At the midbrain 5-HT transporter sites, 123I-β-CIT displayed a kinetic profile falling between the categories of slowly and rapidly equilibrating neuroreceptor probes (see Results). On the basis of this finding, k3/k4 in the midbrain was estimated from 123I-β-CIT SPECT data with 3 noninvasive methods of analyzing reversible radioligand binding based on kinetic compartment models. The k3/k4 equivalent outcome measures were as follows: (a) pseudoequilibrium ratio (RPE), the ratio of specific (midbrain − cerebellar activity) to nondisplaceable (cerebellar) uptake at peak specific uptake (25); (b) area ratio (RA), the ratio of the areas under the specific binding and nondisplaceable activity curves (26); and (c) the ratio of ligand distribution volumes (RV) of specifically bound and nondisplaceable compartments, which was derived by a modified graphic method (27), a variation of the graphic method of Logan et al. (28). RPE was calculated according to the method of Farde et al. (25,29,30): a Levenberg-Marquardt least-squares minimization technique (31) was used for curve fitting, implemented in GraphPad PRISM (GraphPad Software, Inc.). RA, based on the steady-state principle of reversible ligand binding (32), was calculated using all 24-h data. RV was derived by multilinear regression procedures of Ichise et al. (27).
Striatal V3″, the DA transporter parameter that is equivalent to k3/k4 (33), was calculated as (striatal − cerebellar)/cerebellar uptake using the images acquired at 24 h after 123I-β-CIT injection.
Statistical Analysis
Values are expressed as mean ± SD. 123I-β-CIT uptake in the midbrain and cerebellum and midbrain-specific uptake were compared between control subjects and PD patients for each SPECT acquisition using repeated-measures ANOVA. A 2-tailed unpaired Student t test was used to assess the differences in SPECT outcome measures between the control and PD patient groups. The differences among the control group and PD subgroups classified according to the Hoehn-Yahr scale or medication status were evaluated using a 1-way ANOVA. Correlations of midbrain outcome measures with striatal V3″ and symptom ratings (Hoehn-Yahr stage, UPDRS scores, Hamilton Depression Rating Scale score) were evaluated by calculating either the Pearson linear correlation coefficient or the Spearman rank correlation coefficient (for correlation with Hamilton Depression Rating Scale score). A P value of <0.05 was considered significant.
RESULTS
Brain activity was concentrated in the midbrain and hypothalamus as well as in the striatum. Regional 123I-β-CIT time-activity curves in healthy control subjects and PD patients are shown in Figure 1. In control subjects, the activity in the midbrain reached a peak at 91 ± 21 min after injection and then washed out at a slow rate (1.1%/h ± 0.5%/h). The cerebellar activity exhibited an early peak at 30–60 min, then washed out rapidly, and stabilized by 255 min. The peak specific uptake in the midbrain occurred at 315 ± 46 min. Similar patterns were observed in PD patients: the peak midbrain activity at 107 ± 34 min followed by a slow washout (1.3%/h ± 0.7%/h), an early cerebellar peak within the first 60 min with a rapid washout until stabilization, and the peak midbrain specific uptake at 327 ± 55 min. 123I-β-CIT uptake in the midbrain and cerebellum and midbrain-specific uptake were not significantly different between control subjects and PD patients at each acquisition time. Selected 123I-β-CIT SPECT images of a healthy control subject and PD patients are shown in Figure 2.

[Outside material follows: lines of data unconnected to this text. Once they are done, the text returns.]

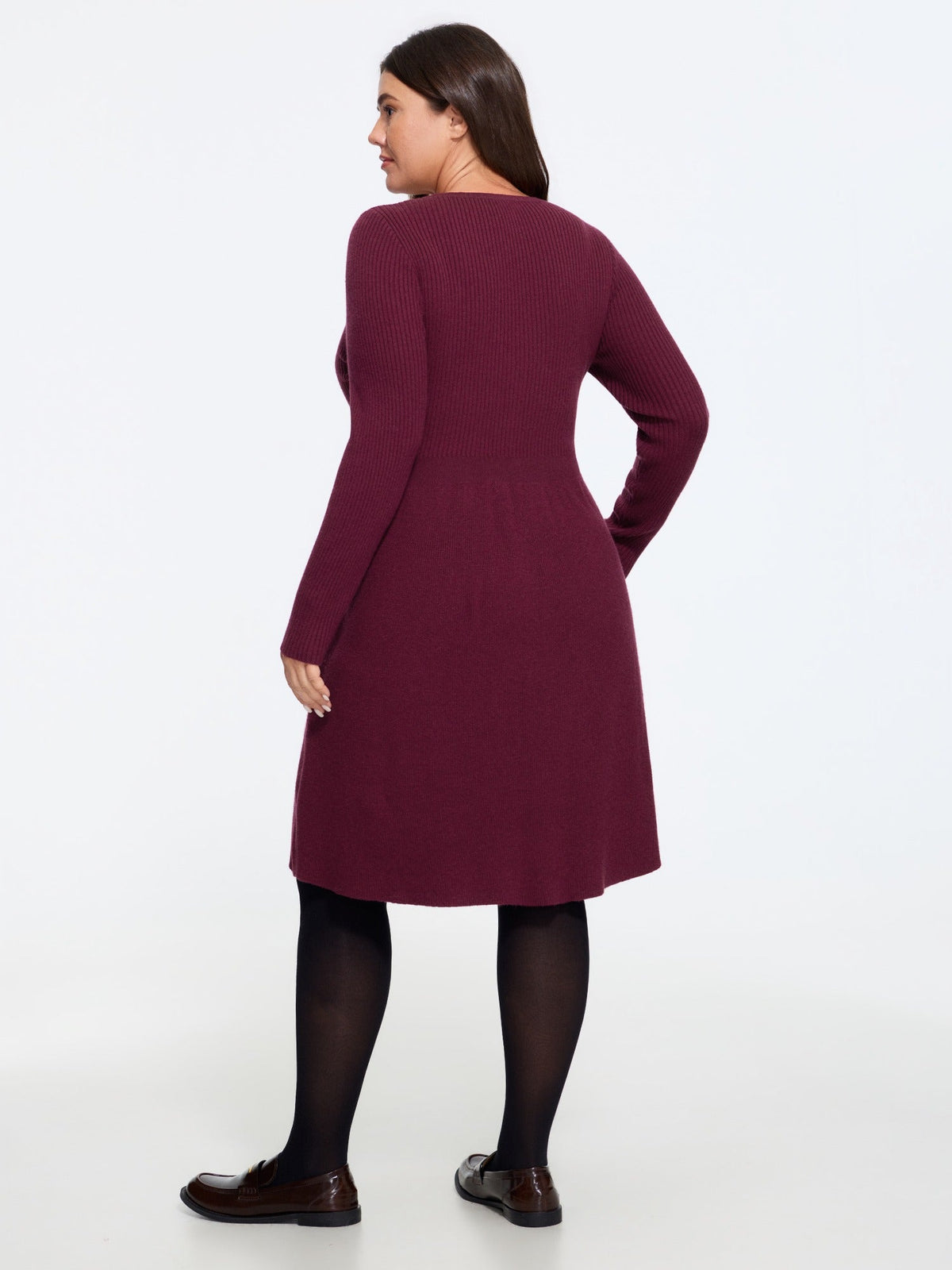 Square Neck Button Front Ribbed Knit Sweater Dress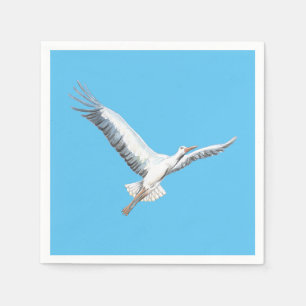 Serviette En Papier Voler cigogne blanche - arrière - plan bleu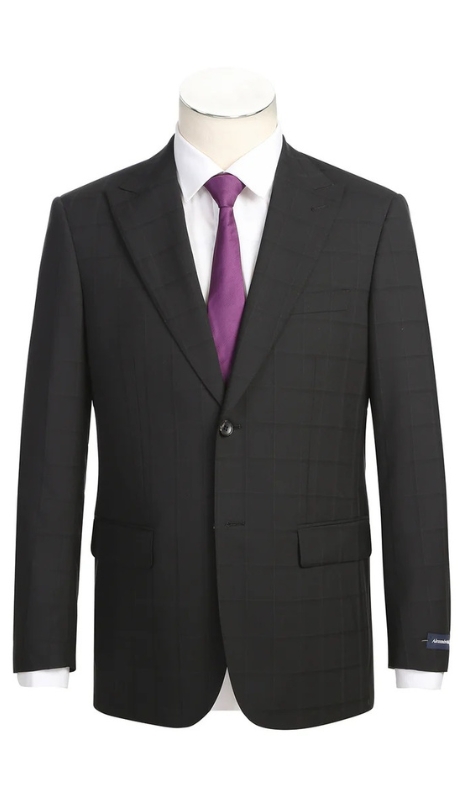 Renoir Mens Suit 566-15-BLK ( New Slim Fit Wool Suits )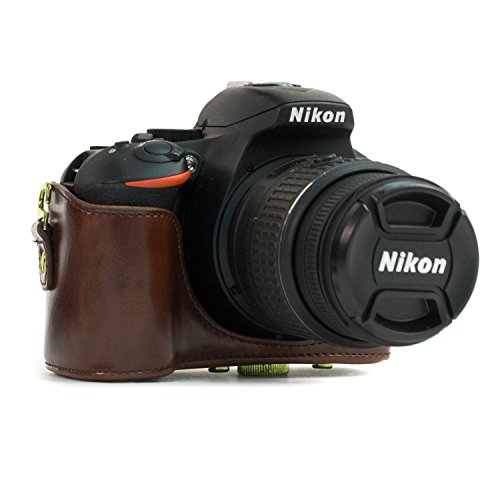 MegaGear Ever Ready    tui En Cuir pour Nouveau Nikon D5200 Cam  ras avec 18-55mm VR Objectif  Brun Fonc   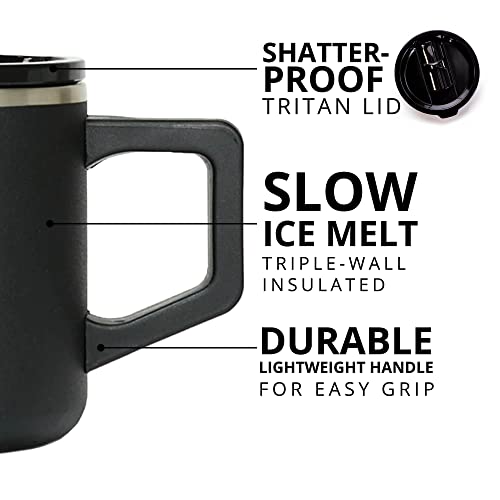 16oz Triple Wall Stainless Steel Insulated Coffee Mug with Lid W978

There were excellent correlations among midbrain RPE, RA, and RV (RPE vs. RA, r = 0.79, P < 0.0001; RPE vs. RV, r = 0.84, P < 0.0001; RA vs. RV, r = 0.96, P < 0.0001). Comparisons of the midbrain outcome measures between PD patients and control subjects are summarized in Table 2. None of midbrain RPE, RA, and RV was significantly different between control subjects and PD patients as a whole, whereas striatal V3″ was bilaterally reduced in all patients, with total striatal V3″ being 32% lower than that of the control subjects (4.22 ± 1.45 vs. 6.20 ± 0.74; P = 0.002). Also, there were no significant differences in the midbrain outcome measures among control subjects and patients with Hoehn-Yahr stages 1–1.5, stages 2–2.5, and stage 3. In PD patients, none of the midbrain outcome measures was significantly correlated with either striatal V3″, Hoehn-Yahr stage, or UPDRS scores including total; motor; activities of daily living; and mentation, behavior, and mood scores of UPDRS (Table 3). When the studies of 24 drug-naive PD patients were analyzed separately, none of the midbrain outcome measures in these patients was either different significantly from those in control subjects or drug-treated PD patients (Table 2) or correlated with striatal V3″, Hoehn-Yahr stage, or UPDRS scores (Table 3). Also, when the studies of 7 PD patients with depression were analyzed separately, none of the midbrain outcome measures in these patients was either different significantly from control values (Table 2) or correlated with the Hamilton Depression Rating Scale score (RPE, ρ = −0.33, P = 0.418; RA, ρ = −0.45, P = 0.197; RV, ρ = −0.38, P = 0.306).
DISCUSSION
As reported previously (34), we found an earlier peak of 123I-β-CIT uptake and a faster washout of the tracer in the midbrain than in the striatum, where the uptake of 123I-β-CIT increases for 15–20 h after injection, followed by stable levels with no significant washout up to 30 h after injection (33). This indicates that 123I-β-CIT has higher reversibility at the midbrain 5-HT transporter sites than at the DA transporters.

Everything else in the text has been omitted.